# Large Group Size



## Falkus (Aug 14, 2011)

Well, my recruiting for Pathfinder Zeitgeist here in Montreal has gone extremely well. Enthusiastically, even. I've found myself with eight players.

So, I'm just looking for a bit of advice in scaling up the encounters in Island at the Axis of the World, since this will be my first time DMing a Pathfinder game.

Now, just so you know where I'm coming from, I'm no stranger to large groups in RPGs. Indeed; I've run with eight players before, and I'm doing it right now with my Dark Heresy campaign, so that's not a problem for me.


----------



## benfromidaho (Aug 15, 2011)

I'm sure Rugult will be better at suggestions in terms of scaling up, but, if I remember correctly, Pathfinder is built so that groups of 4 or 5 are the standard.  Any chance you can split the 8 into two groups of 4?


----------



## Falkus (Aug 15, 2011)

I'm afraid that's not really an option for me; schedule-wise.


----------



## KainG (Aug 15, 2011)

My Pathfinder group has varied from 6 to 8 in the past, so I've learned to do a bunch of different ways to make encounters more challenging for the party.

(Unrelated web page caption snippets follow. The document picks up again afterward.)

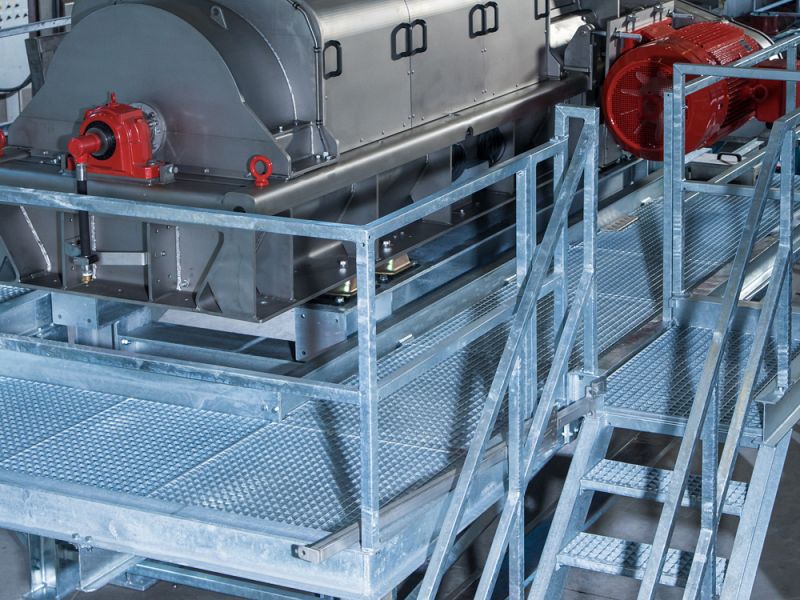 Pretreatment plant for food waste with platform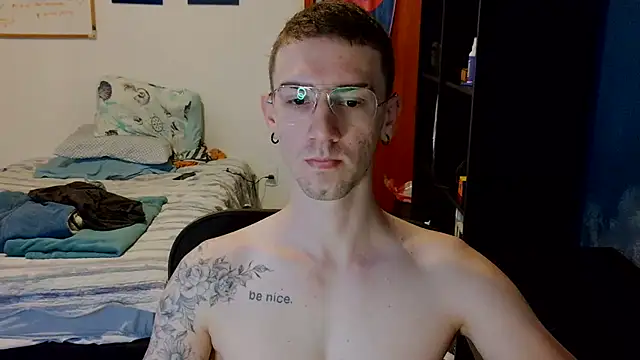 SweetGoodBoy22 online show from November 21, 5:45 pm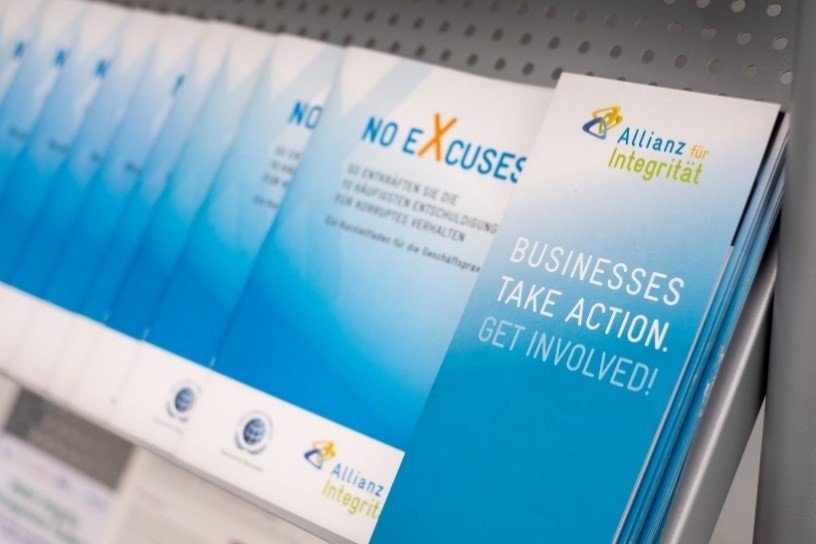 Photo: A shelf full of brochures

I usually add more "mook" level enemies, at most doubling the number listed in the adventure. Sometimes, when that doesn't fit with the story (and if I have time), I add levels to the enemies, or apply the Advanced template on monsters. Depending on the encounter, I might do a mix of both.

One thing I've learned is that one enemy alone against a party size of 6 or more goes down *fast*. Where I can, I try to add minions or a strong partner.

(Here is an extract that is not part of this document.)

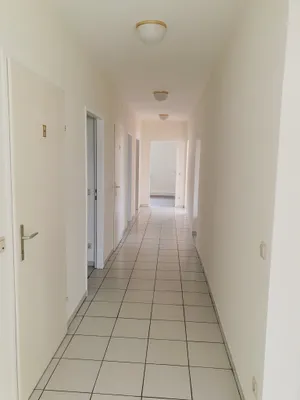 5-Zimmer-Gewerbeimmobilie mieten in Baden – 293 m², € 5.200 – Bild 9 von 13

Depending on the players, I'm not afraid of changing the tactics or setup of the encounter, making the foes use smarter tactics and strategies, or if I have time, swap some feats or abilities for a more optimal build. Altering the terrain sometimes works to make things more challenging as well.

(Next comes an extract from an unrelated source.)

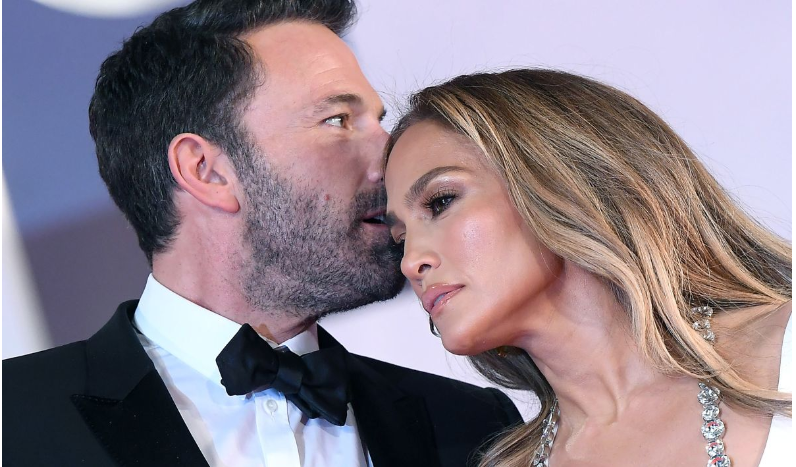 Дженнифер Лопес планирует сделать первое Рождество с Беном Аффлеком особенным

Hope these help, and looking forward to the game!


----------



## RangerWickett (Aug 15, 2011)

Spoilers.

[sblock]In the first scene, more dockers.

In the second scene, it's hard to justify sneaking more baddies onto the boat, so maybe scale them up a tad. Or perhaps have one or two traitorous sailors who come down from the deck when they see the party go down.

In the cave, maybe more miners survived.

Sea wall, more guards.

Hold the lighthouse, more enemies per wave (the module gives suggested numbers, I believe).

Gillie Dhu, maybe add some spare soldiers, or a fey drake or other critter.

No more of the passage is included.